Monday, January 14, 2002

A Shot in the Dark: Writing Music for Film

Submitted by Amy Elizabeth Cassata

I dreamed of writing music for film since age twelve. I remember the moment I had this thought - I was watching the credits of an IMAX film, the kind with lush harmonies of symphonic instruments layered upon synthesized music moving along a steady beat. With eight years training in classical piano and having grown up amid eighties pop culture, the combination of the two seemed to merge in my mind as I listened to this particular soundtrack. In time, I have been able to produce this sound in my home studio. However, not until Matthew Marshall asked me to compose two fifteen-minute musical scores was my daydream put to the test. What I learned was that film scores brought a new set of complications, challenges, and frustrations to the composition process. Difficulties I had not experienced while working in isolation.

Play Fear

The first challenge in writing music for film was that it required playing someone else's emotion and experience other than my own. Matthew and I had many brainstorming sessions where we would watch the rough cut, piece by piece, and they would direct me as to which emotion should be conveyed where and when. I was given such ambiguous directions as play fear. I quickly learned that my interpretation of an emotion may not necessarily match the director's idea of, for example, what "fear" should sound like. Many times I went through a trial-and-error process, with several instrument changes, key changes, and layering and un-layering of sounds.

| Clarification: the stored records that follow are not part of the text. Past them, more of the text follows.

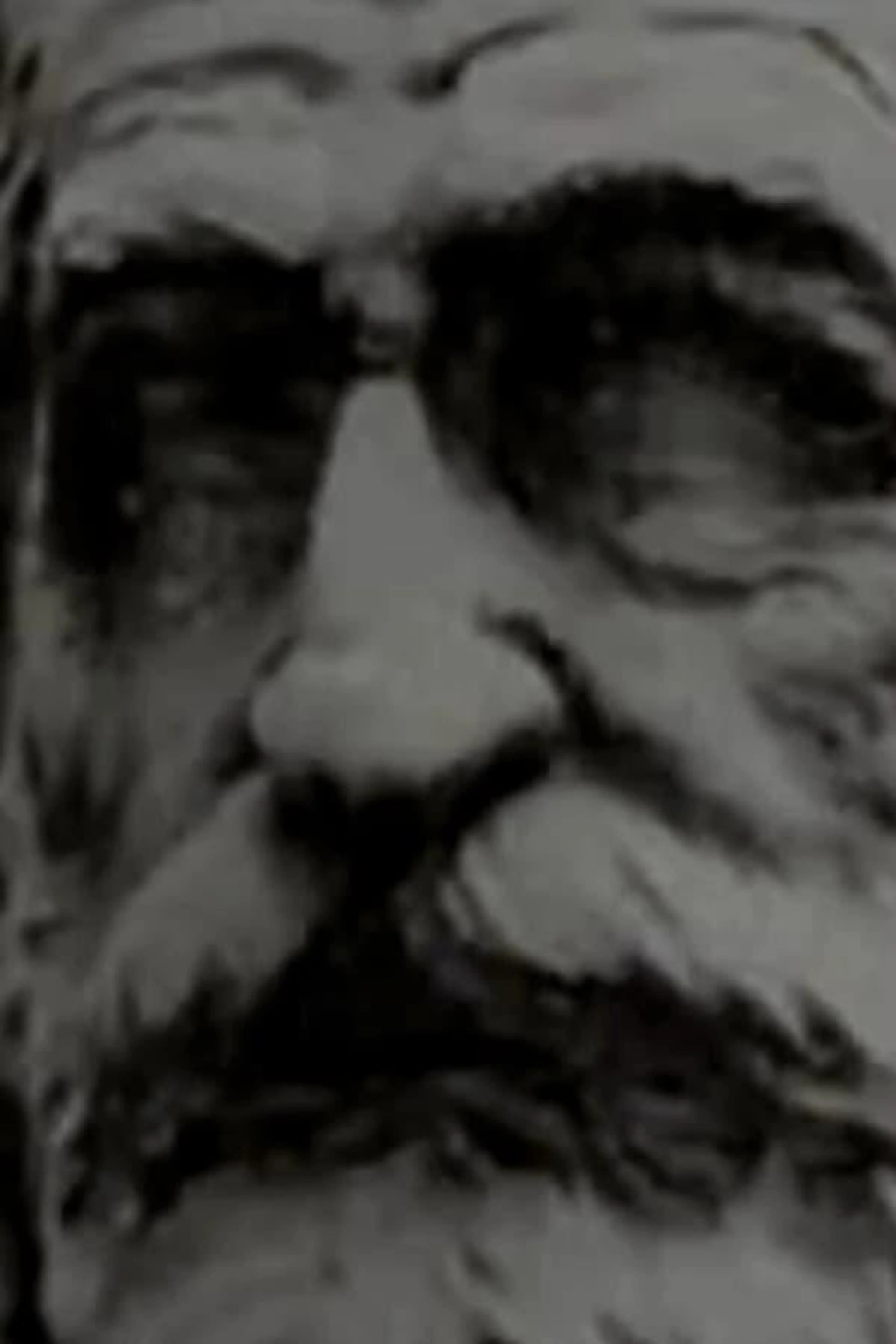 Di Verdi Si Muore
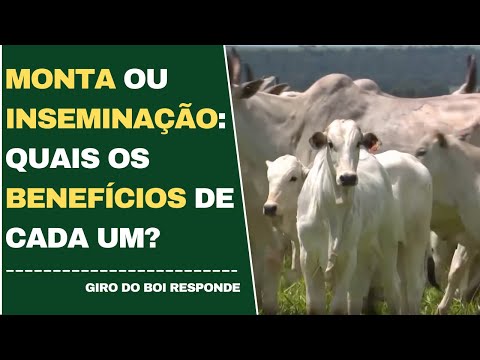 MONTA OU INSEMINAÇÃO: QUAIS OS BENEFÍCIOS DE CADA UM?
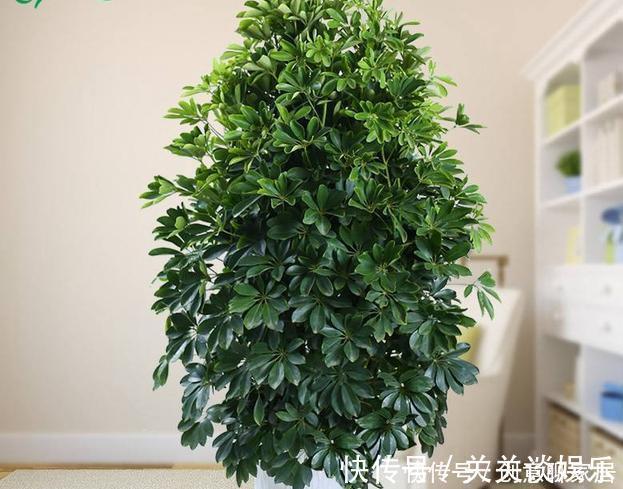招财树|不管你养不养花,3种花,总要养1盆,能缓解疲劳,还能杀病菌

Once I had a sound in mind, the next challenge was to somehow create a "song" which was brief but powerful, simple, subtle, and that complemented the visual images. The biggest gripe from the director at this point was that the music was too complex, too long, or sounded too much like a song. It took a while for me to appreciate the power of simplicity and silence. I frustratingly scaled back. My personal inclination is the melodramatic style, in order to create music as rich as possible. I would liken the film process to learning to write an adage rather than a doctoral dissertation.

Another challenge, albeit more entertaining than the first two, was managing the other musicians, and giving them musical direction, especially in those moments when I was hitting notes randomly, hoping something appropriate would emerge. Collaborating with others was exhilarating, perhaps because it helped take the sole idea-making weight off my shoulders. In several instances, I was able to take an idea or phrase from someone else into a full-fledged song. It was like a mental telepathy began to emerge between musicians as the hours passed. Sometimes, when all the musicians were on the same page, we achieved "studio magic" and created the music you hear in the films. These moments also created fun, although not "film-relevant" material, but were creative nonetheless.

The music for The Death of Everything Good and True was recorded in one eleven-hour marathon session. We went into the studio blind, with a clean state, only myself having seen the rough cut. For Carapace, the process was more structured, as I wrote many of the themes before meeting with the musicians, who had been thoroughly forewarned and given a copy of the film in advance for brainstorming purposes. Another large difference between the two soundtracks was that the instruments in The Death were recorded on a single track, while many Carapace tracks were pre-sequenced, with parts recorded on separate tracks. I believe elements of both techniques are beneficial. The raw spontaneity of the single track sessions in The Death added a human quality to the music that is lost in a synchronized, edited setup. However, on the Carapace soundtrack, the music was written quicker as the musicians had more direction. To be fair, a few of the musicians benefited from the experience of having played for the previous film.

Would I write a third soundtrack? Probably. The process explores the possibilities of sounds that are created when individuals collaborate. Although personal expression is still present in general style, the content illustrates a new, collective expression. Working for film allows for the exploration of a wide range emotions present in human nature, many of which I had never interpreted musically. When Matthew asked me to write a commentary on the experience of writing the soundtrack to his two films, my first thought was, I am a musician. My best expression is not through words but by melodies, harmonies, and rhythms that, through their own language, convey experience. The music expresses sentiments I am unable to state in spoken language. I consider this essay an inadequate description of the experience of soundtrack recording. Only in hearing the song can one hear the energy of spontaneous give-and-take between musicians as a second layer of unspoken dialog, or the improvisation on a single theme as the visual images rise and fall in intensity. In other words, if you are really curious about the soundtracks, listen to the music.